Data for processing Block Start
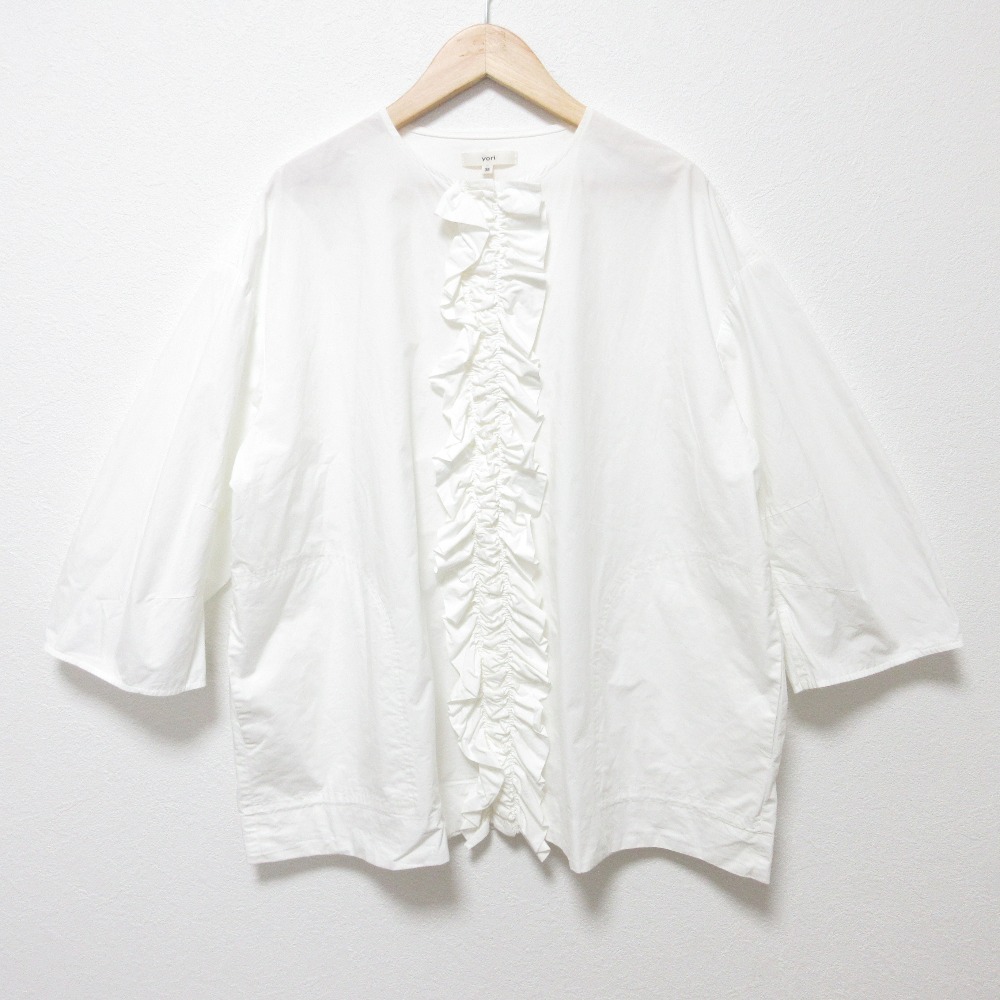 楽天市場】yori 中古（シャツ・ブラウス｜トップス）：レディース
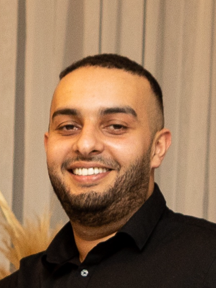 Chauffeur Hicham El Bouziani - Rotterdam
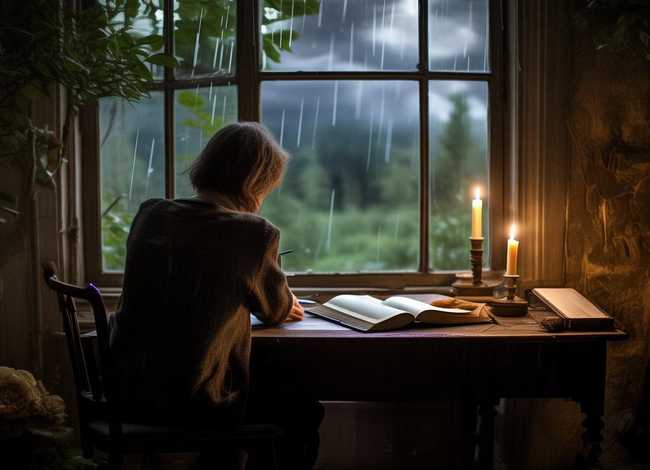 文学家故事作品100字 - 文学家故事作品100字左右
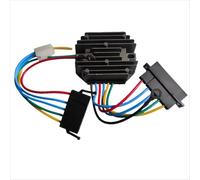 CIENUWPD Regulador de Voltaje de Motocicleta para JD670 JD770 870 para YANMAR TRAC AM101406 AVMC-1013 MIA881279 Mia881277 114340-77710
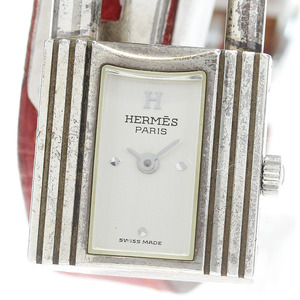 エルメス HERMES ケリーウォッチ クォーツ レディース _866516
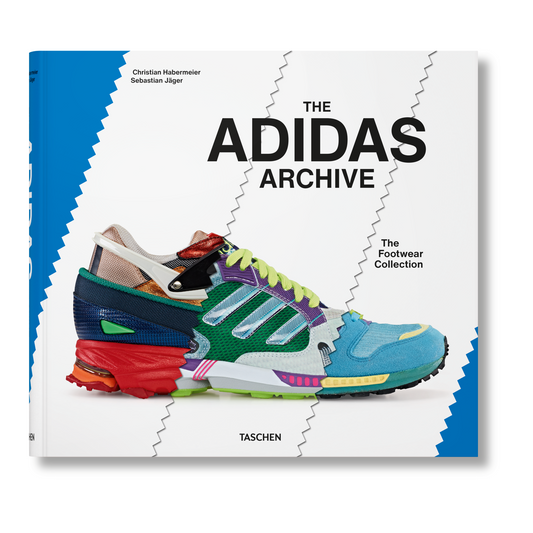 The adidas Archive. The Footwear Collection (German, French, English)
Data for processing Block End
| Task description |
Return every entry word for word, but drop any pictures.

| Answer to the exercise |
 楽天市場】yori 中古（シャツ・ブラウス｜トップス）：レディース
 Chauffeur Hicham El Bouziani - Rotterdam
 文学家故事作品100字 - 文学家故事作品100字左右
 CIENUWPD Regulador de Voltaje de Motocicleta para JD670 JD770 870 para YANMAR TRAC AM101406 AVMC-1013 MIA881279 Mia881277 114340-77710
 エルメス HERMES ケリーウォッチ クォーツ レディース _866516
 The adidas Archive. The Footwear Collection (German, French, English)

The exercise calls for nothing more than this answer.